Category Archives: RC Build

RC4WD 4Runner Review

I was ecstatic when RC4WD contacted me to review their new hard body for the Trail Finder 2 chassis late last year. However try as I may I couldn’t wheedle out of them what it was until it arrived at my door. As we know now, it was a Toyota 4Runner from 1985 that came out of that box, and today we can now reveal the finished product in all it’s 80’s glory!

First Impressions

My first impressions of the kit when I opened the box was of amazement at the level of detail that it included from big details like opening doors, tailgate and bonnet, down to stickers for the dashboard, instruction placard for 4wd and even the tiny indicator stalks on the steering column. At this time my excitement moved a little into the arena of panic. Whilst I have built an worked on a lot of RC cars from Kits to RTR’s, this was my first detailed hard body from any firm, let alone one with a reputation for amazing detail like Rc4wd, and I really didn’t want to make a mess of it. But then how different could it be to the model plane and tank kits I used to make not so many years ago…. right?

The Build

So working with a combination of tools for my radio control racing pit bag, and my modelling toolbox I set off on the build. Naturally the first step was reading the instructions and then I put it all away for the next most important step, research. Below are the images that I used for inspiration.

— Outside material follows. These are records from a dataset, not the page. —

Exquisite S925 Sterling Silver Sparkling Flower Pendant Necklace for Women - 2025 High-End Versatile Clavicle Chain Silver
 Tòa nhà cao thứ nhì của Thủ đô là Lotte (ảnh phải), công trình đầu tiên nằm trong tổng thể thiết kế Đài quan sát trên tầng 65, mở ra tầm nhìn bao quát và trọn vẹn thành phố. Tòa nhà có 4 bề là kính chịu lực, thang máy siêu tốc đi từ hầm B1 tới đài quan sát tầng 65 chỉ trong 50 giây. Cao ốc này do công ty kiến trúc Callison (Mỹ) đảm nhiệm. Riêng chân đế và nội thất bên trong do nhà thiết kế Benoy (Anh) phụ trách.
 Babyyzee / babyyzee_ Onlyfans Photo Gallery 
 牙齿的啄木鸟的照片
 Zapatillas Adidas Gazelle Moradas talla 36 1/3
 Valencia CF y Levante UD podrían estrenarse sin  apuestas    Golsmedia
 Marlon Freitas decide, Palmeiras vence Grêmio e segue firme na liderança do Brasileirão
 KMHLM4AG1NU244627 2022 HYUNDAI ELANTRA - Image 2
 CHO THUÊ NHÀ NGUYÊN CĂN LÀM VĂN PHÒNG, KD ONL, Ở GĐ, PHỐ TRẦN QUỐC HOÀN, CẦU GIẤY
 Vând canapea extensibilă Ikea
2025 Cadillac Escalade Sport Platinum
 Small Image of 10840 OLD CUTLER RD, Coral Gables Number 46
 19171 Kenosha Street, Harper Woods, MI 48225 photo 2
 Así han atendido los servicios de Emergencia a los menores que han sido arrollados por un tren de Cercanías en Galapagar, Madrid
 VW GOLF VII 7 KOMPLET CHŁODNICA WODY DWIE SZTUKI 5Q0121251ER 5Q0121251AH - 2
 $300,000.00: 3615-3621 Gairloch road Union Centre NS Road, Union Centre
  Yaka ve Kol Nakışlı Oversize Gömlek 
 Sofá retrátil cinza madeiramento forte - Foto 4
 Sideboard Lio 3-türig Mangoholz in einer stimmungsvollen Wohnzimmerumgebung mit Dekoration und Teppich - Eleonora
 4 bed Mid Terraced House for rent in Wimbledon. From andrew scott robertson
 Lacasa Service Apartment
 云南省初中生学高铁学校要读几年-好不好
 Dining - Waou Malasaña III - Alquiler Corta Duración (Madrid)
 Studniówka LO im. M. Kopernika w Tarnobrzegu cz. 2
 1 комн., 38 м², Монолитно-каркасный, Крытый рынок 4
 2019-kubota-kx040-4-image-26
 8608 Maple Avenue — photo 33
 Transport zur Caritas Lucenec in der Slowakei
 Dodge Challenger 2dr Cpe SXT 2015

No, i’m not mad (ok, maybe a little) but a key part of any project like this is knowing what the vehicles looked like in real life, and knowing what colours you want to paint it, what markings (in this case stickers) you need to use, and details like bumper colours etc etc. With that done and deciding to go with a bright red colour scheme I purchased a can or red paint, some black and browns for the interior, and the build could begin in earnest.

Tip 1: know your size, 1 pressure pack of tamiya paint may be fine for a small tank in 1:72 or 1:48, but not a big 1:10 4wd! In the end I used 3 cans of paint.

Tip 2: Don’t spray on windy days, I suspect I lost almost a whole can battling the wind in trying to get the bodywork painted. Don’t Rush, take your time.

Interior detail is amazing!

Now I mentioned research and planning earlier, and planning is an important part of this built. If you just put the kit together as stated and tried to paint it, you would be left in a nightmare of close together parts that should be different colours. Even step one can’t really be completed until later in the build as you need to paint the taillights in 2 different colours, and the body needs to be painted before you can attach them. So plan ahead, and work out what gets put together before and after painting and you will be far happier with the result.

One thing I loved about the instructions is that they presume you know what you are doing. Parts are rarely needed to be labelled by their numbers, and the screws are also labelled clearly as to size and number needed for any given step. Not only that but each screw is in it’s own labelled bag, often with a spare in each size which I did need.

Tip 3: The screws that hold in the tail lights need 2 different screwdrivers, get it right or you strip the small M1.6 philips head screws. Spares in the kit to the rescue!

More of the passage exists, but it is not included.